Pues nada, que el gorrilla ya
tiene derecho a que su nombre figure en el Diccionario de la Real Academia. En realidad,
gorrilla, gorrilla, es el nombre que se ha sido dando desde tiempo inmemorial a
los aparcacoches espontáneos en la ciudad de Sevilla, que por extensión ejerce
su cometido en todo el territorio nacional. Porque gorrilla también lo eran los
maleteros de estaciones de ferrocarril, ya extinguidos desde que a las maletas
les pusieron ruedas, y los subalternos de las plazas de toros que controlan las
entradas a los espectáculos. A los gorrillas nunca hay que confundirlos con los
gorrones, que esos no acostumbran a llevar gorra de plato, sino un careto como
el cemento armado. Alguien me dijo que existía una forma de espantar a los
gorrillas que no fallaba.

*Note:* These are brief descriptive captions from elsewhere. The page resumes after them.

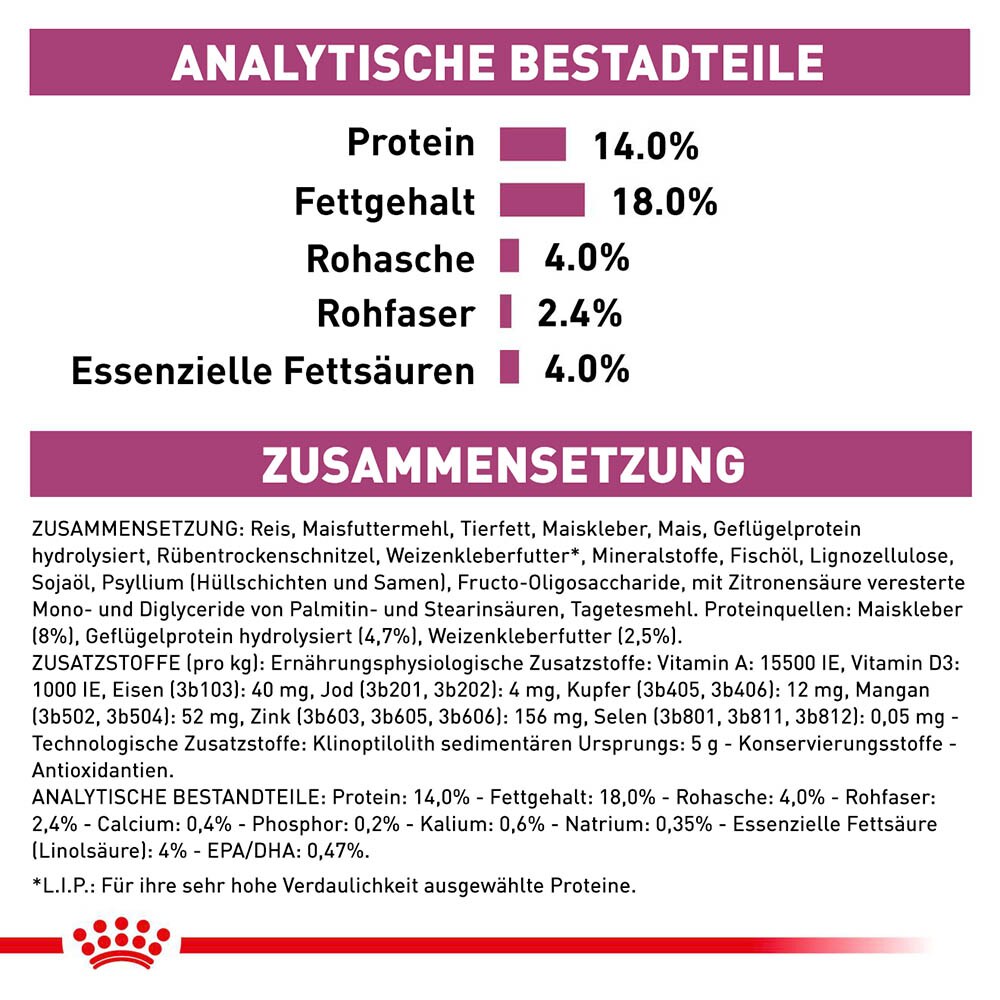 Royal Canin Veterinary Renal Trockenfutter für Hunde_5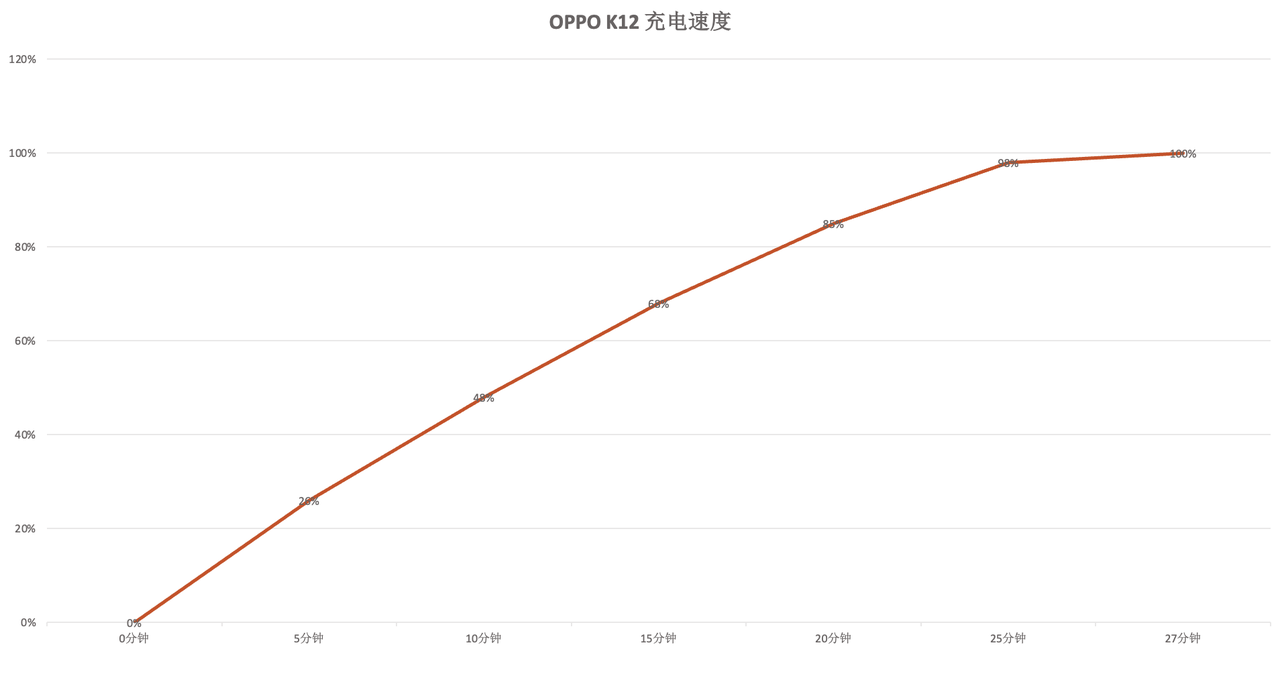 打游戲不用再給手機(jī)“打吊瓶”啦!OPPO K12:我不需要!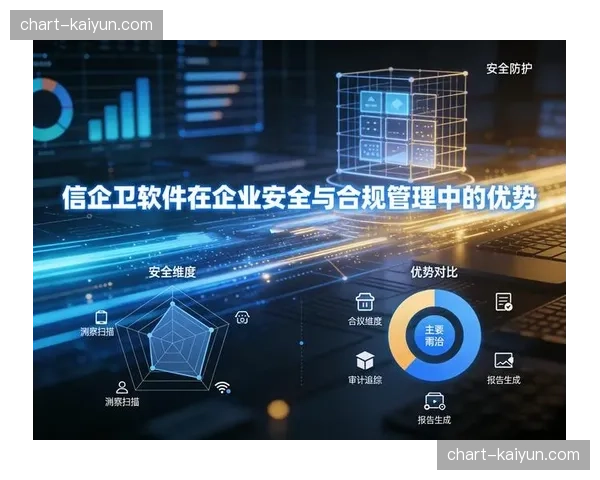 监管科技应用于治理审计 实现实时合规监控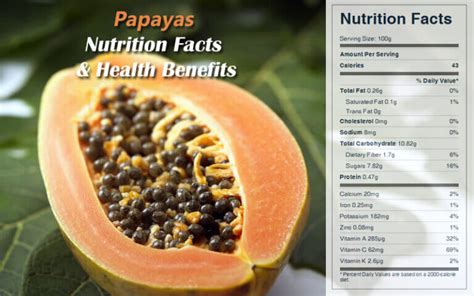 Papayas Nutrition Facts Health Benefits Cookingeggs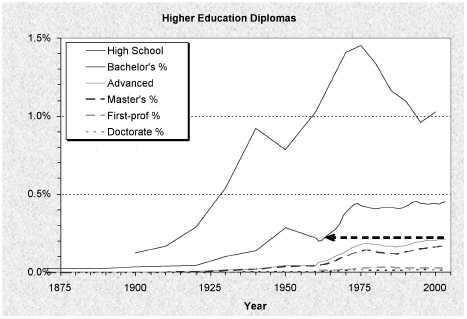 U.S. diploma attainment by year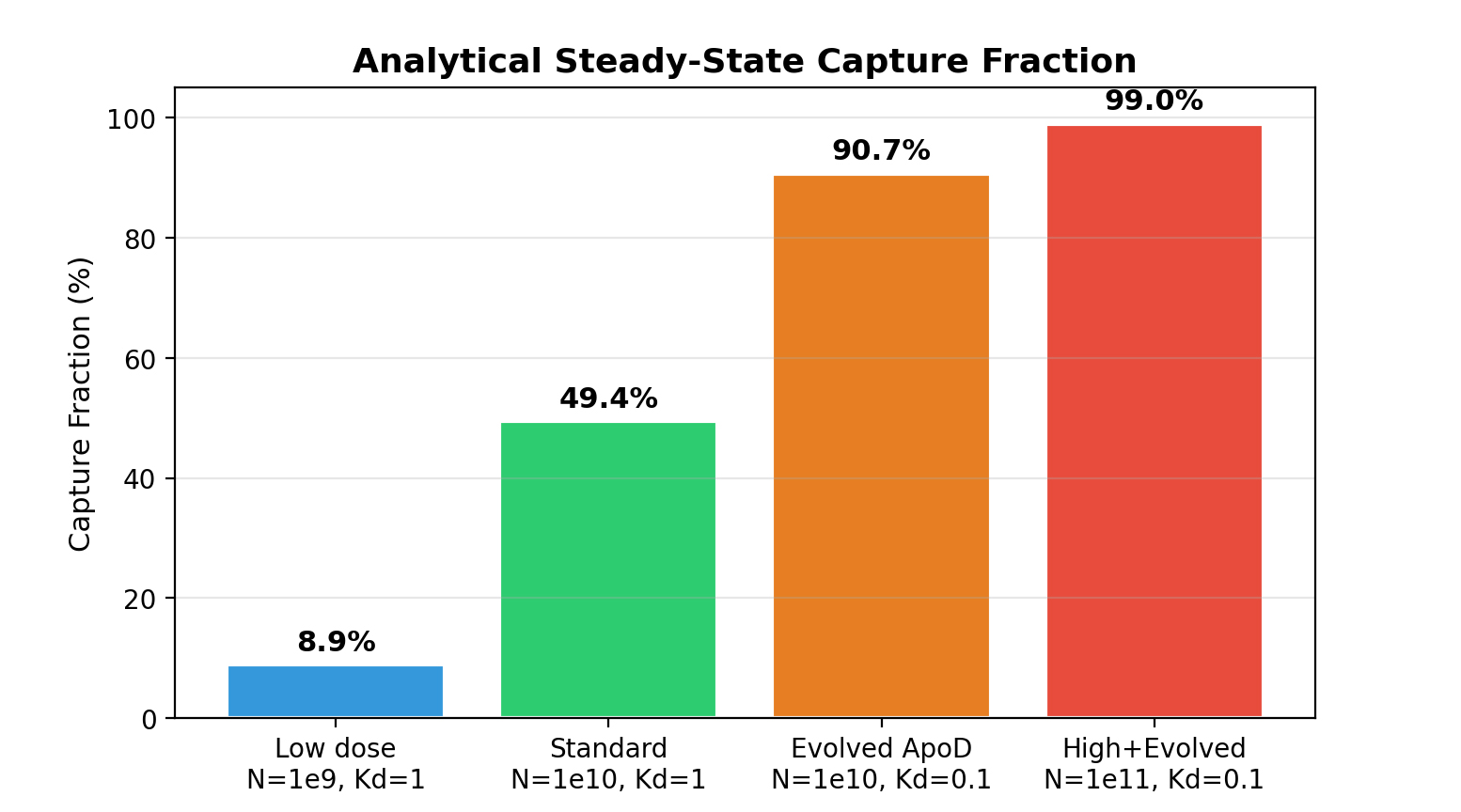 fig1_full_simulation_09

Se trataba de un idioma falso, pero contundente:
“Ijams aguanchflei, ti ta nocsche cojoustacambo”. El que me dijo eso me aseguró
que no fallaba, siempre que se dijera con timbre imperioso y mirándole
fijamente a los ojos. Susana Regueira, que sabe mucho de estos temas, contaba
en Faro
de Vigo que José, el tipo al que le hizo una entrevista hace unos meses,
“coloca los coches como moviendo un cubo de Rubik: saca uno, adelanta otro,
mueve un tercero hacia otra fila... Todo un rompecabezas mecánico hasta
conseguir dejar en la acera el vehículo de su cliente”. El gorrilla fetén no es
un ganapán sino persona de fiar, que conoce a todos los conductores por su
nombre y conserva en su bolsillo todos las llaves de los vehículos que tiene a
su custodia. En él se deposita toda la confianza, como un banco se la otorga al
cajero. El gorrón, en cambio, vive de gorra, o sea, a costa de otros. Los hay
de todas las clases sociales, profesiones, edades y sexos Su origen se remonta
a los siglos XVI –XVII, cuando los estudiantes se vestían con gorra, se colaban
en los banquetes y hacían enormes aspavientos al saludar, como si conociesen a
todos los invitados. Hubo otra figura, la de “capigorrón”, de capa y gorra, que
hacían de mozos de otros estudiantes más adinerados a cambio de poder asistir
gratis a las clases. Pero el gorrilla, cuyo nombre ya figura en el Diccionario
de la RAE, vive
de las propinas a cambio de un servicio. Como aquellos “mozos del exterior” de
los andenes que cobraban “la voluntad”. Nunca se cuestionó su profesionalidad.